Le président du Pakistan, Asif Ali Zardari, a confirmé au lendemain de la mort d'Oussama ben Laden que son administration n'avait pas été informée de l'opération des forces spéciales de la marine américaine.

Par contre, le quotidien britannique The Guardian publiait cette semaine, sur la foi de témoignages de responsables américains et pakistanais, qu'une entente avait été conclue en 2001 par les présidents américain et pakistanais, George W. Bush et Pervez Moucharraf, autorisant l'armée américaine à intervenir en sol pakistanais pour mettre la main sur Oussama ben Laden.

Depuis la mort du chef d'Al-Qaïda, le Pakistan a essuyé plusieurs critiques officieuses, certains accusant notamment de complicité ses services de renseignements, soulignant qu'Oussama ben Laden, l'homme le plus recherché de la dernière décennie, vivait à proximité d'une ville-garnison, près de la capitale.
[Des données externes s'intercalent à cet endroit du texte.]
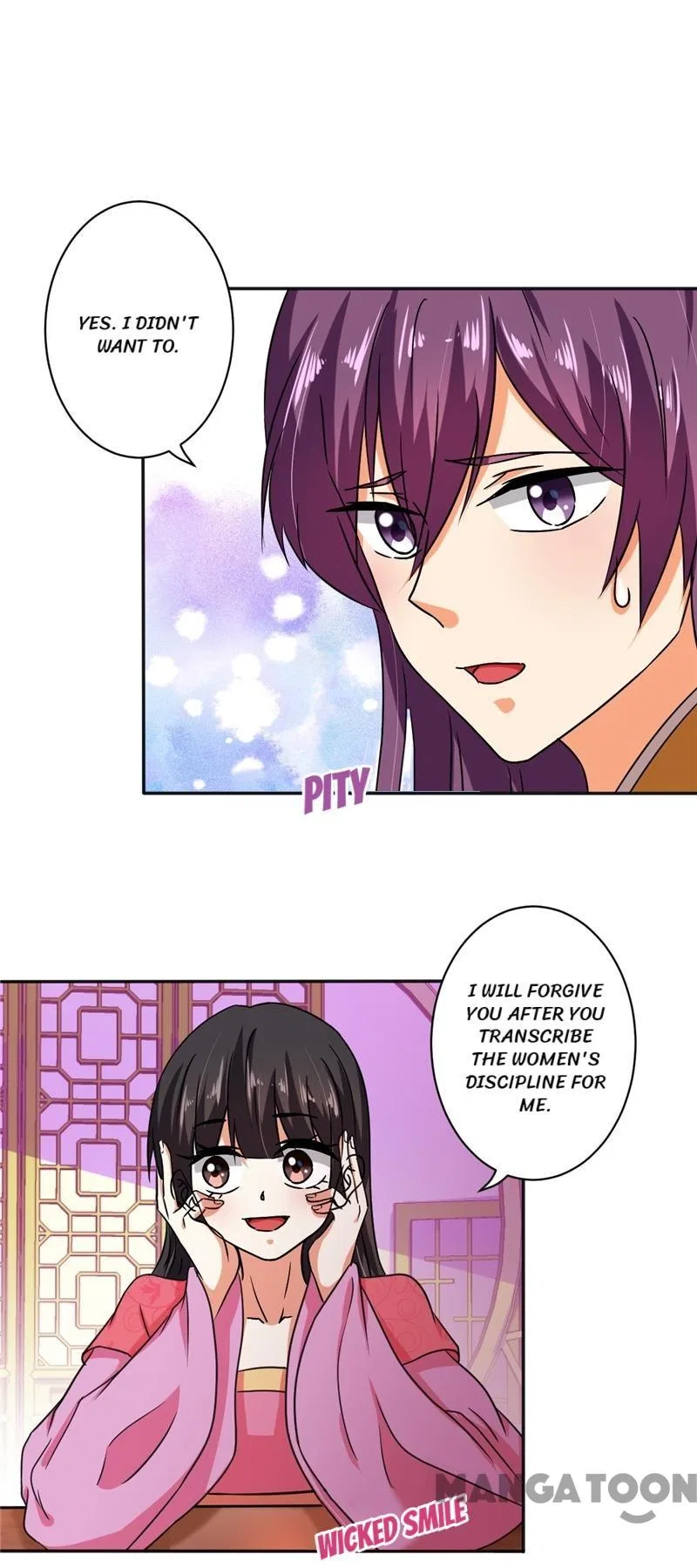 Prince, You’re So Cheap! Chapter 522 – Page 16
La campagne des drones de la CIA

La campagne de la CIA au Pakistan a commencé en 2004 et s'est nettement intensifiée depuis l'été 2008. Les tirs de drones sont devenus au cours des derniers mois pratiquement quotidiens. Selon les responsables militaires, en 2010, une centaine de tirs ont fait plus de 670 morts au Pakistan, dont un nombre indéterminé de civils.
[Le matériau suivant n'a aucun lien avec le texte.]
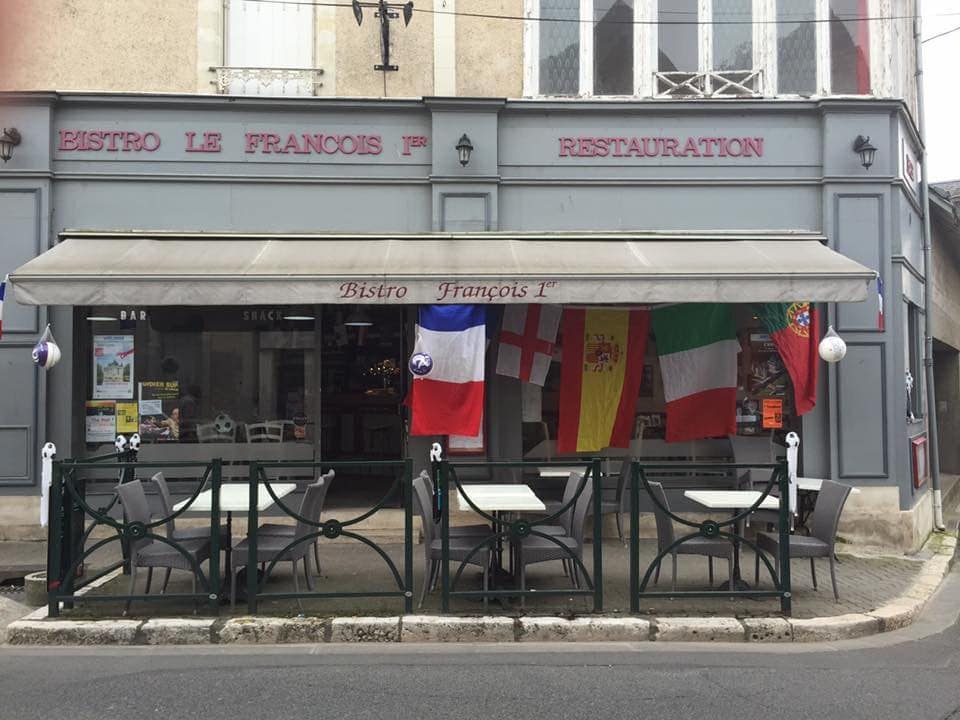 Le François 1er — photo 2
Le gouvernement pakistanais dénonce régulièrement ces attaques lancées sur son territoire, mais Washington assure qu'elles respectent les accords bilatéraux.

Les requêtes du Parlement pakistanais surviennent au lendemain d'un double attentat revendiqué par les talibans qui a fait au moins 80 morts et 140 blessés dans le nord-ouest du Pakistan. La grande majorité des victimes sont de jeunes recrues d'un centre d'entraînement de la police chargé de surveiller la frontière avec l'Afghanistan. Les dirigeants des talibans ont indiqué qu'ils voulaient ainsi venger la mort du chef d'Al-Qaïda, Oussama Ben Laden.

Cette attaque est la plus meurtrière à se produire au Pakistan cette année. Elle s'est déroulée selon un modus operandi déjà utilisé à maintes reprises. Le premier kamikaze, à moto, s'est fait exploser au milieu d'une foule de cadets; le second a attendu que les secours arrivent avant de faire de même.